Section 7 Expense Arrears
[65] For the most part, after the September 2014 separation, the parties did not consult each other on the children’s activities falling under section 7 expenses. Based on their respective incomes, Mr. MacLennan’s proportionate shares for the years 2014 to 2017 were as follows:
• 2014 – 67%; • 2015 – 66.5%; • 2016 – 66%; and • 2017 – 66%.
[66] For Ms. Nobrega, her proportionate shares were as follows:
• 2014 – 33%; • 2015 – 33.5%; • 2016 – 34%; and • 2017 – 34%.
[67] The court is obligated to take into account any subsidies, benefits, income tax deductions or credits relating to the section 7 expenses in determining the quantum of each party’s contribution to an expense: section 7(3) of the Guidelines. Ms. Nobrega has claimed section 7 expenses for the period 2014 to 2017 as described in Exhibit 2, Tabs 45-7 and 59. She has made allowances for tax subsidies she would receive for these expenses. Mr. MacLennan’s proportionate share of these expenses is $3,548.74.
[68] It is not disputed that Ms. Nobrega’s proportionate share of the children’s dental expenses, which were paid for by Mr. MacLennan, is $992.32. This amount is set off against his proportionate share of section 7 expenses paid by Ms. Nobrega. As a result, Mr. MacLennan owes Ms. Nobrega $2,556.42 in section 7 arrears.

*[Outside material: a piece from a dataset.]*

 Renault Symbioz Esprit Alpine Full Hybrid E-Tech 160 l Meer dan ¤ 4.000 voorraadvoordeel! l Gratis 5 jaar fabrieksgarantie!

[69] Mr. MacLennan has submitted a total of $12,624.18 in section 7 expenses: see Exhibit 3 at Tabs 20-26. These expenses cover sports activities of the children over the period 2014 to 2017. Mr. MacLennan provided no evidence of whether he would receive any subsidies, benefits, income tax deductions or credits. It is his onus to provide this information. I cannot accurately assess Ms. Nobrega’s proportionate share because Mr. MacLennan may receive subsidies, benefits, income tax deductions or credits that would further reduce the amount claimed. To account for this, I will reduce Ms. Nobrega’s proportionate share to 10% and apply the amount ($1,262.42) to Mr. MacLennan’s section 7 arrears ($2,556.4). Thus, Mr. MacLennan owes $1,294.00 in section 7 arrears.
Summary of Orders
[70] Ms. Nobrega is a joint owner of the matrimonial home by way of resulting trust and has a 50% interest in the post-separation growth in the value of the matrimonial home.

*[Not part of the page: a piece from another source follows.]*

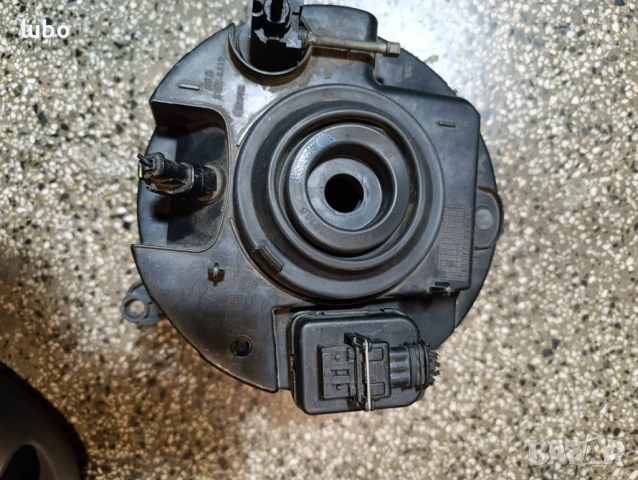 Фар за JEEP         Чероки Либърти, снимка 3 - Части - 53478920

[71] Mr. MacLennan’s 2017, income is imputed to be $111,551.72 and he shall pay Guideline child support of $1,543.00 until July 1, 2018, when his monthly Guideline child support shall be calculated in accordance with his disclosed income.
[72] Mr. MacLennan shall pay child support arrears of $808.00. The parties shall adjust this figure to reflect actual child support paid by Mr. MacLennan in 2017, 2018, and 2019 as of the date of these reasons. Should the parties be unable to agree, they shall apply to the court for direction.
[73] Mr. MacLennan shall pay ongoing spousal support of $1.00 per month retroactive to September 14, 2014. This spousal order is of indefinite duration. Any reduction or termination of child support shall constitute a material change in circumstance for a review and variation of this spousal support order. Should Mr. MacLennan’s income exceed $100,000.00, this shall constitute a material change in circumstance for a review and variation of this spousal support order. This spousal support order shall be reviewed in 4 years without the need for a material change in circumstances.
[74] Mr. MacLennan shall place Ms. Nobrega as a recipient on his employment benefits plan. This arrangement shall be reviewed at the time the spousal support amount comes up for review.
[75] Each party shall take out their own life insurance.
[76] Mr. MacLennan shall pay $1,294.00 in section 7 arrears and $53 in spousal support arrears.
[77] Mr. MacLennan shall pay Ms. Nobrega an equalization payment of $92,235.06. This payment is subject to an adjustment (reduction) of $8,727.69. Therefore the payment shall be $83,507.37.
[78] Mr. MacLennan shall pay off and close out the joint value visa, the joint gold visa and any other joint debts (with the exception of the mortgage). He shall close out these accounts within 30 days of this Order. If a sale of the matrimonial home is to occur, these accounts shall be closed within 5 days of the closing on the Matrimonial home from Mr. MacLennan’s share of the net sale proceeds.
[79] Mr. MacLennan shall be entitled to purchase the Ms. Nobrega’s 50% interest in the Matrimonial Home located at 283 Beechgrove Side Road in Caledon, Ontario on the following conditions:
a. He shall have 5 days from the date of this Order to elect to purchase to Ms. Nobrega’s interest in the Matrimonial Home.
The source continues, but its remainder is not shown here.